Maternal Folic Acid Supplementation and Childhood Metabolic Health: Analyzing Direct and Indirect Effects

Mehak Batra 1, Yibeltal Bekele 1,2, Eva Karaglani 3,4, Yannis Manios 3,4,5, George Moschonis 6,7,, Bircan Erbas 1
PMCID: PMC12441301  PMID: 40969905

ABSTRACT

This study examines the direct and indirect effects of maternal folic acid (FA) supplementation on childhood metabolic outcomes, including blood pressure (BP), insulin resistance (HOMA‐IR), and insulin sensitivity (QUICKI), with body mass index (BMI), waist circumference (WC), and skinfold thickness as mediators. This cross‐sectional study analyzed data from 2577 children (9–13 years) from the Healthy Growth Study (2007–2009, Greece). Maternal FA intake was reported via parental questionnaires. BMI, WC, and skinfold thickness were measured using standardized protocols. BP, fasting glucose, and insulin were assessed to compute HOMA‐IR and QUICKI. Structural equation modeling evaluated direct and indirect effects, adjusting for maternal, pregnancy, and child‐related confounders. FA supplementation had no direct effect. However, indirect effects via WC were associated with lower SBP (β = −0.69, p = 0.036) and DBP (β = −0.36, p = 0.041), improved insulin sensitivity (QUICKI: β = 0.0018, p = 0.044), and reduced insulin resistance (HOMA‐IR: β = −0.1099, p = 0.047). Skinfold thickness also mediated BP reductions. BMI was not a significant mediator (all p > 0.05). Maternal FA intake may indirectly influence childhood metabolic health via adiposity markers, emphasizing the need for targeted maternal nutrition interventions to improve childhood metabolic outcomes.

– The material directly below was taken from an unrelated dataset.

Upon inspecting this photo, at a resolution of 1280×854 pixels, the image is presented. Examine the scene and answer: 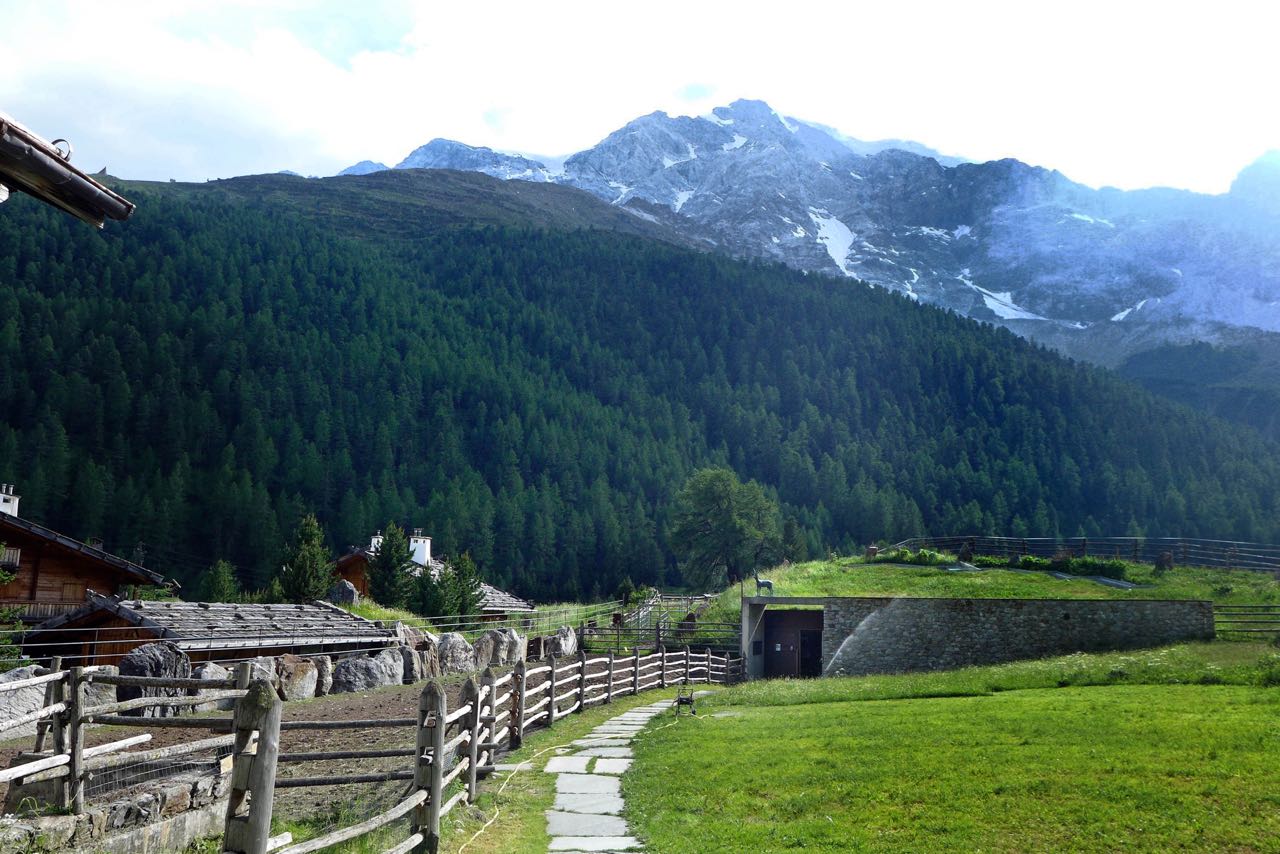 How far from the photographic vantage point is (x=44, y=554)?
41.1 m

Keywords: childhood metabolic, folic acid, obesity markers, perinatal epidemiology


First study to demonstrate that folic acid supplementation indirectly influences childhood blood pressure and insulin sensitivity via waist circumference and skinfold thickness. BMI was not a mediator, suggesting that specific fat distribution patterns, rather than overall adiposity, may be more relevant to metabolic outcomes. Recommendation: Waist circumference and skinfold thickness are modifiable adiposity markers and present actionable targets for public health strategies aimed at improving long‐term metabolic health.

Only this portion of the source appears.